Friday, July 4th, 2008

When I finally write the compiler for my super-language, I want to make it nice and modular - i.e. make it very easy to compile different languages, target different architectures and include different optimizations.

In order to achieve this I will need to have some kind of intermediate form in which pieces of code in various states of compilation to be transmitted from one module to another.

This form should be as simple as possible but should also make it possible to express all the complexities that occur in real code. In short, it will need to be a tree structure.

While I'm not convinced that the Lisp idea of "code without syntax" is a great one (I think every available visual/syntactical clue makes it easier to understand unfamiliar code) I have to admit that the lisp data structures (SExps and Lists) are perfect for this role. I wouldn't expect people to be reading large quantities of this code but it's handy to be able to print it out for debugging purposes.

A Symbol (what lispers call a SExp, S-Expression or Symbolic Expression) is either an Integer, a String, an Atom, a List or a Vector. Integers are what you'd expect them to be. Strings are used to hold things like variable names. Atoms are displayed as strings but treated as unique, opaque integers internally. All you do with an Atom is compare it to another Atom and see if they are the same. See Stringy Identifiers for another perspective on these. This is not quite the same as the lisp usage of the word, where integers are also atoms.

A List (delimited with parentheses) is effectively an object. It consists one or more Symbols, the first of which must be an Atom. It has a type, which is represented by its Atom and the number and types of the following Symbols.

A Vector [delimited with square brackets] is effectively an array of length possibly not known until run-time. This can be used for a sequence of statements (for example) or for the bytes in the compiled program before it is output to disk. Lisp doesn't distinguish between lists and vectors but I think it is useful to keep them separate.

It is not a coincidence that this is quite similar to the RTL of GCC. Many of the same problems are being solved, and I was learning about RTL when I came up with this. However, this structure is a little more general-purpose and a little simpler. In particular it can also be used for front-ends.
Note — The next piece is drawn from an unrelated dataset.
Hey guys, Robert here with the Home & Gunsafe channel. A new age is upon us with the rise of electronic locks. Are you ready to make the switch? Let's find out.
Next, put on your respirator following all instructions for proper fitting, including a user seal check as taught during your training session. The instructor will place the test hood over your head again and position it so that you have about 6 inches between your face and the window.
These expressions will generally be manipulated by pattern matchers - that is, we search through the program for an object matching some characteristics, perform some transformation on it and then substitute the result for the original object.
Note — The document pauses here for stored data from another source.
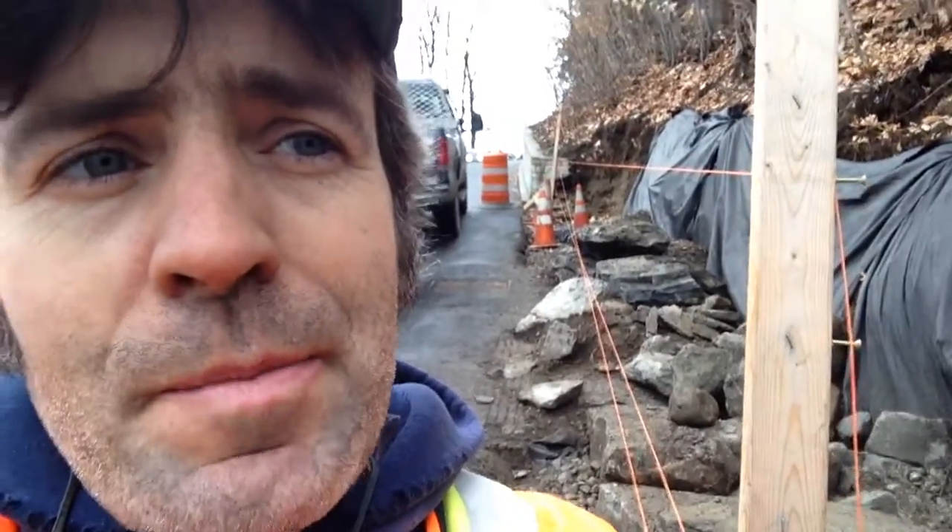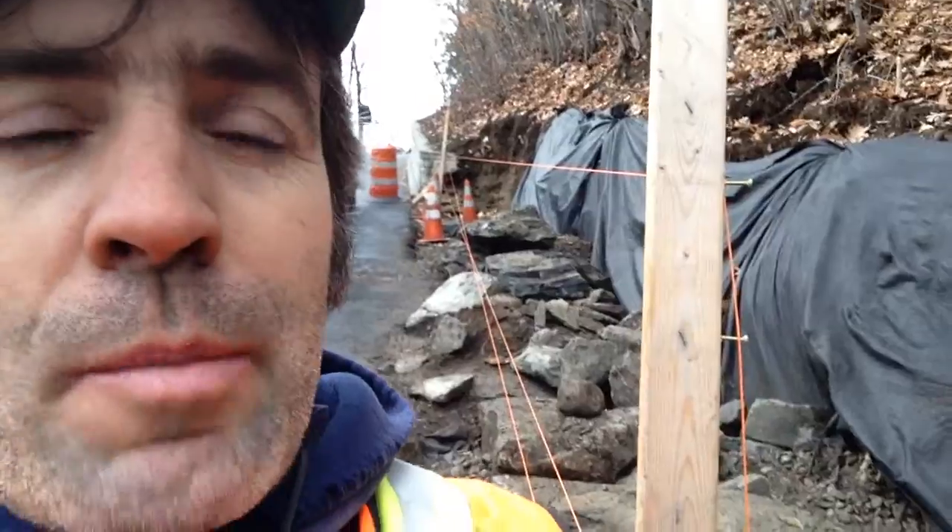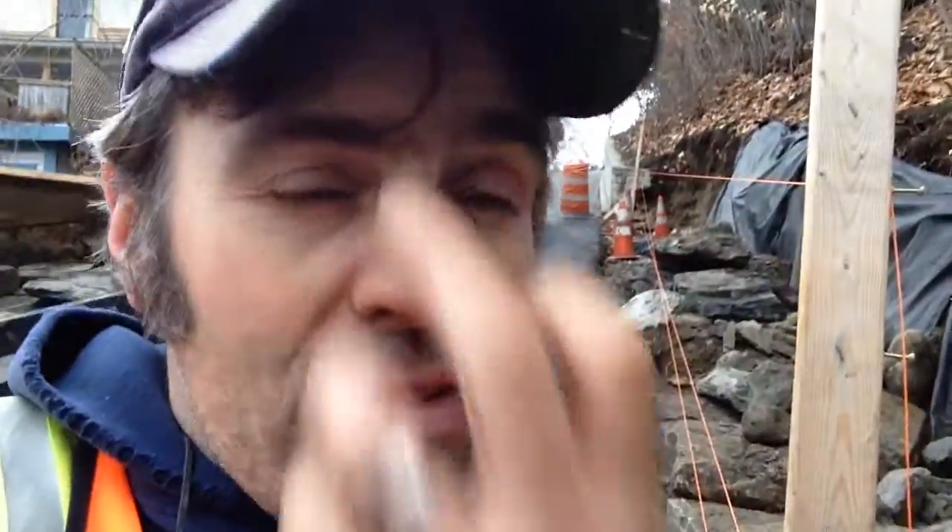I was just actually noticing the gray hairs I'm getting in my sideburns. I thought I'd show you that. I also wanted to show you a real quick assessment of where I'm at right now. I've set up my batter boards here on this wall, working for the town of Brattleboro. So I'm going up a slope here, and I just wanted to show you what's going on.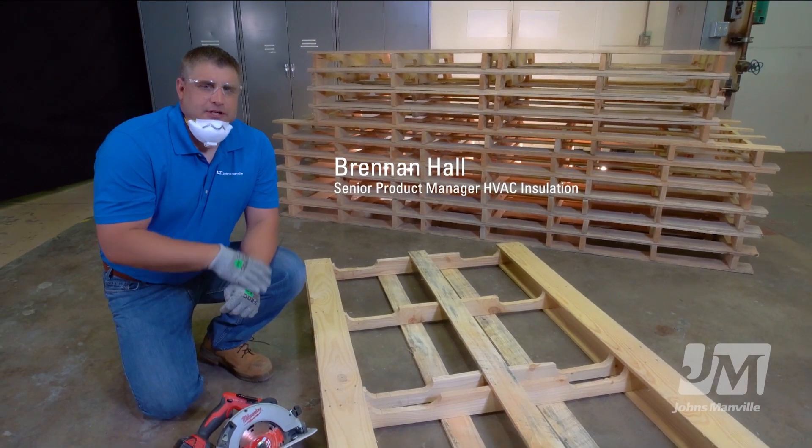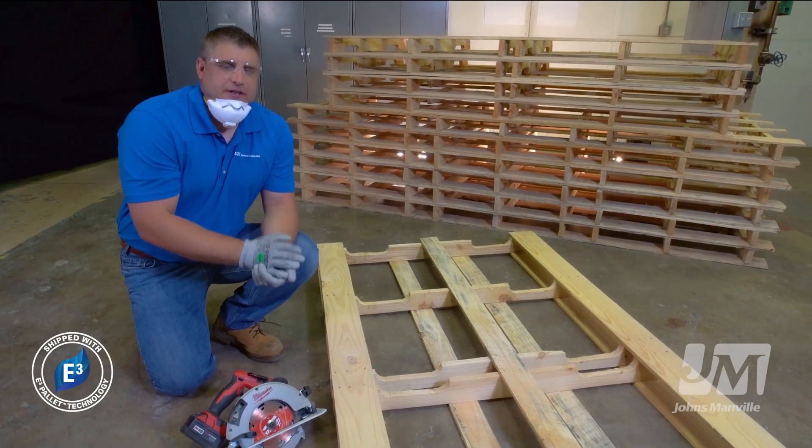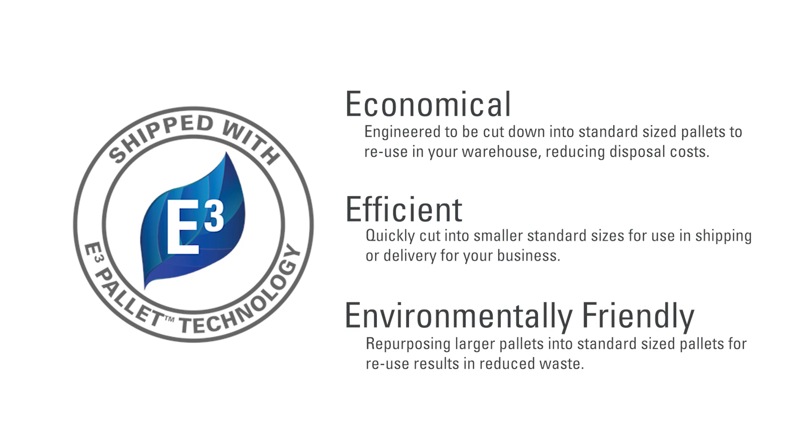Hi, today we're going to talk about Johns Manville's newest innovation, our E3 pallet technology, the 3E standing for economical, efficient, and environmentally friendly.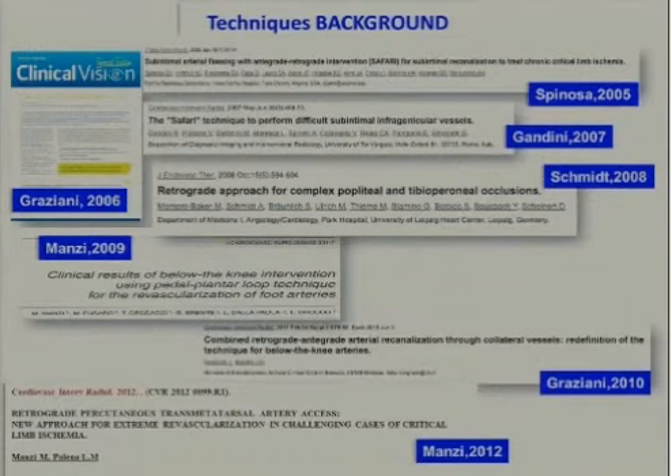About all this complex technique, the background in the literature is obviously in these main papers we could find. The first paper is from Graziani, about the possibility in 2006 to perform a recanalization of the arch. And then we had many papers about alternative techniques like the Safari technique from Spinoza and Gandini. And the retrograde pedal puncture, posterior tibial puncture, or peroneal puncture described by my friend Schmidt. And then the clinical evaluation of the results about using the pedal loop, which we published in 2009. And then the description of some alternative techniques through collaterals described by Graziani, and the last paper about the retrograde digital puncture extreme.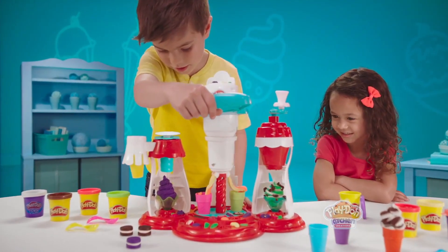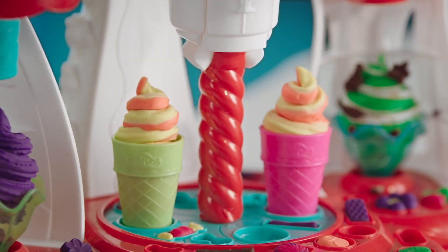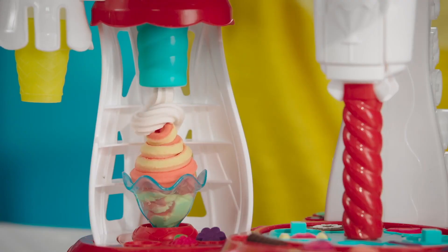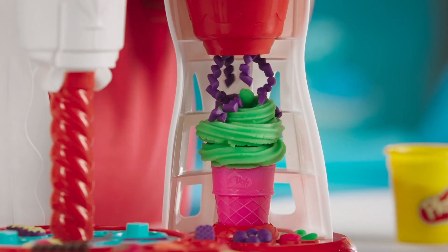It's Double the Swirl for Double the Fun with the new Ultimate Swirl Ice Cream Maker from Play-Doh. Just swirl it twice, then make it nice with pretend whip, sprinkles, and endless toppings.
For example, here is a part of an x86 assembler written in a hypothetical language which has support for these Symbols built in:

    with(x) {
        match (`jmp` d:Int):
            if (isSByte(d))
                becomes (`db` [0xeb d]);
            else
                becomes (`db` [0xe9 bytesFromDWord(d)]);
        ...
    }

This matches a List which consists of the `jmp` atom followed by an integer (which we will call d). We pass that integer to a function and (depending on the result) we emit one of two possible forms of the x86 JMP instruction. As "bytesFromDWord" is known to be a function and not an Symbol, it is evaluated and the result placed into the vector rather than two Symbols (bytesFromDWord and (d)) being created and placed into the vector.
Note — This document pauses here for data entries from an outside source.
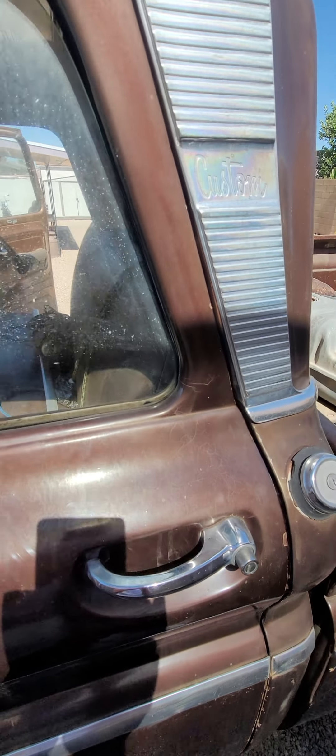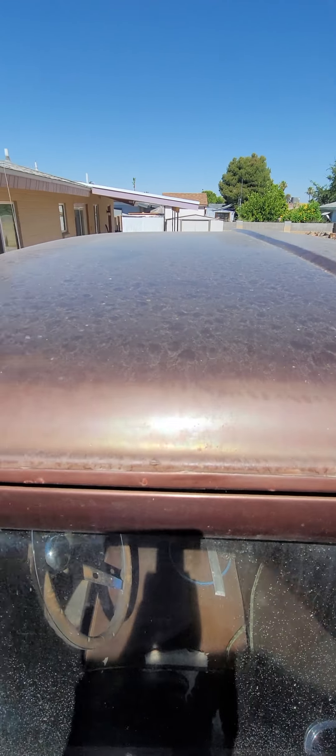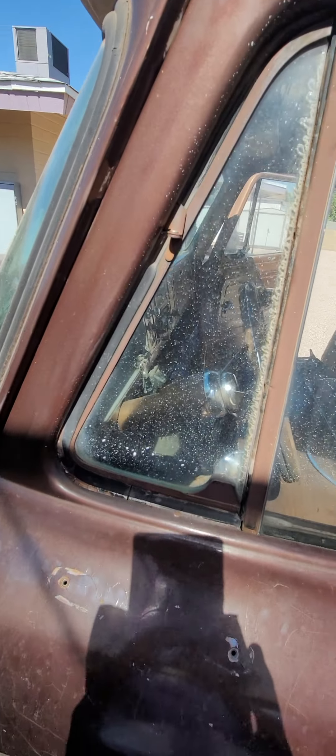Just some paint shrinkage on the door coming up to the roof area, drip line or drip rail. Everything looks good there, door frame looks good. Vent windows are just getting a little crusty around the glass portion of those.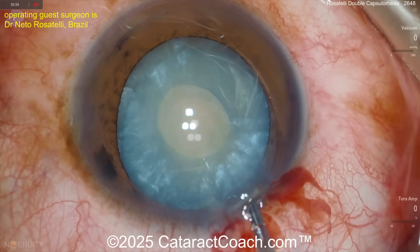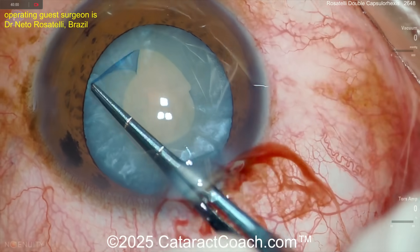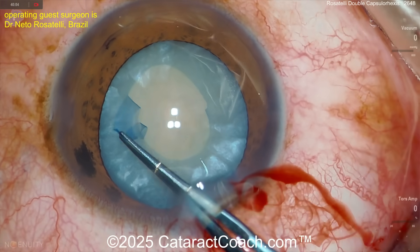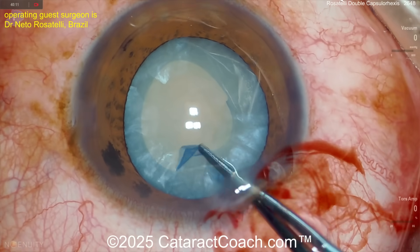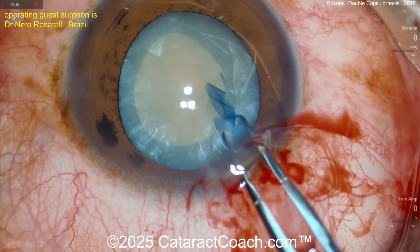Here we go enlarging this now, poking in there and enlarging. This is exactly the rhexis you want — the five-millimeter rhexis. You can see Netto is using forceps that have marks at two-and-a-half and five millimeters, just like I do.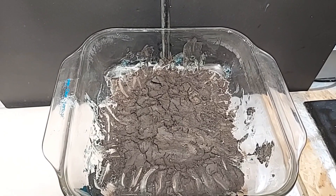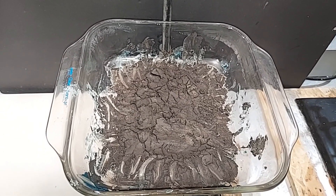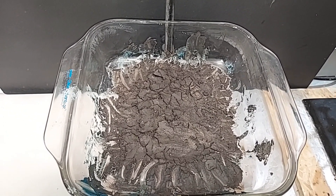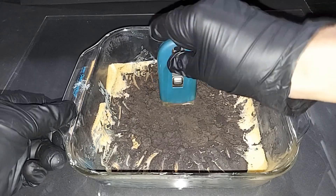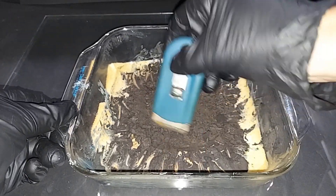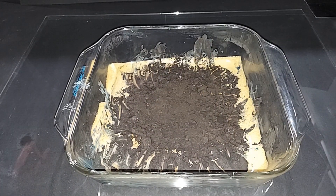It looks like all of the copper hydroxide has been converted to copper oxide. This is copper two oxide. If this were heated to much higher temperatures, it's possible to convert some of this into copper one oxide, which is an orange or reddish-orange color. It's cooled down — all I need to do now is chop this up, scrape it off the glass, put it in a container and seal it really well. And there you have it — copper oxide.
This works just as well for the front end. The "unless" statement that I have written about before can be broken down using this code:

    match (`unless` condition): becomes (`if` (`!` condition));

And we should have this optimization as well, in case condition is itself a negated condition:

    match (`!` (`!` x)): becomes (x);

Quite a lot of the compiler can be written very easily and tersely this way. There are some complications to do with the order in which transformations are applied, though - we would rather avoid having to specify that explicitly and let the computer figure it out. But the order might depend in quite a complicated way on the context. One way to deal with this might be to keep the pre-transformed Symbol around and continue to match against it even after it has been replaced. Another might be for transformations to transform other transformations as they are applied to the Symbols. I haven't quite figured this bit out yet. This seems like one of those problems that might be technically intractable but always works out to be fast enough in practice.

With some cleverness, it ought to be possible to write a very good compiler this way. Great speed is possible as no string handling is done after the initial parsing phase and symbol table lookups (e.g. we don't write out assembler instructions and rely on a separate assembler to assemble them, though we could still easily obtain assembly code if necessary by having a separate output module.) Many speed improvements are possible (e.g. by performing some transformations when the compiler is compiled).

But the really great thing about this scheme is that code for the compiler is completely self-describing - it's exactly the code one would hope to be able to write.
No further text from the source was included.